Cable TV's HBO on Thursday launched a new division under its HBO Films label to leverage the group's reputation for high-quality series and movies and expand into the world of independent film distribution. The new division, HBO Films Domestic Theatrical Releasing, will be headed by out film exec Dennis O'Connor, who as marketing chief for United Artists films spearheaded the release for Oscar-winning Bowling for Columbine. In addition, HBO Films is banding with sister company New Line Cinema and its Fine Line specialty film label to distribute films theatrically. The companies are all owned by media conglomerate AOL Time Warner.
"We feel we can bring HBO's unique marketing and promotional skills to help some of these [specialty] movies...find an audience in the theatrical marketplace," Colin Callendar, president of HBO Films, said in a statement.
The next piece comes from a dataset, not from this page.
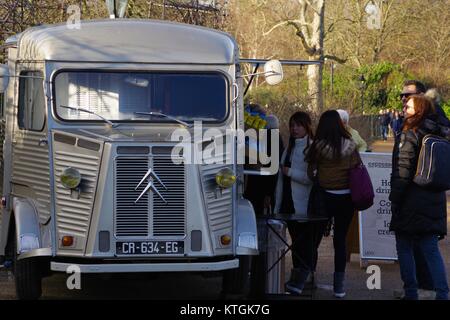 Citroen H tipo Van che serve drink presso il Lido a serpentina, Hyde Park, London, Regno Unito. Dicembre, 2017. Foto Stock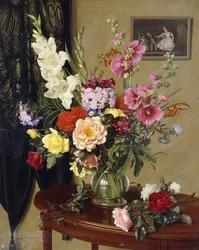 Nature morte avec des glaïeuls, des roses et des roses trémières devant un rideau brodé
First up is American Splendor, a movie that blends nonfiction and fiction filmmaking in a story about comic book writer Harvey Pekar. Splendor won the Grand Jury Prize for the best drama at 2003's Sundance Film Festival and hits theaters in August. It will be followed in October by gay director Gus Van Sant's Elephant, a dark look inside American high schools that won the coveted Palme d'Or and earned Van Sant a Best Director award at May's Cannes Film Festival in France.
Because they lack the multimillion-dollar marketing budgets of major Hollywood studio movies, art-house films thrive or dive on word-of-mouth publicity. HBO believes its clout as a maker of award-winning TV shows like The Sopranos and made-for-TV movies such as Band of Brothers can help boost the fortunes of specialty films.
The deal with New Line-Fine Line gives them an immediate foot in the door in art-house theaters around the world. HBO first got its feet wet in the market with last year's Real Women Have Curves, a drama about Hispanic women that was an audience favorite at Sundance and went on to earn $6 million in theaters, which is a success by indie standards. Callendar said HBO's big-budget event movies like Band of Brothers would remain a staple of the cable TV channel.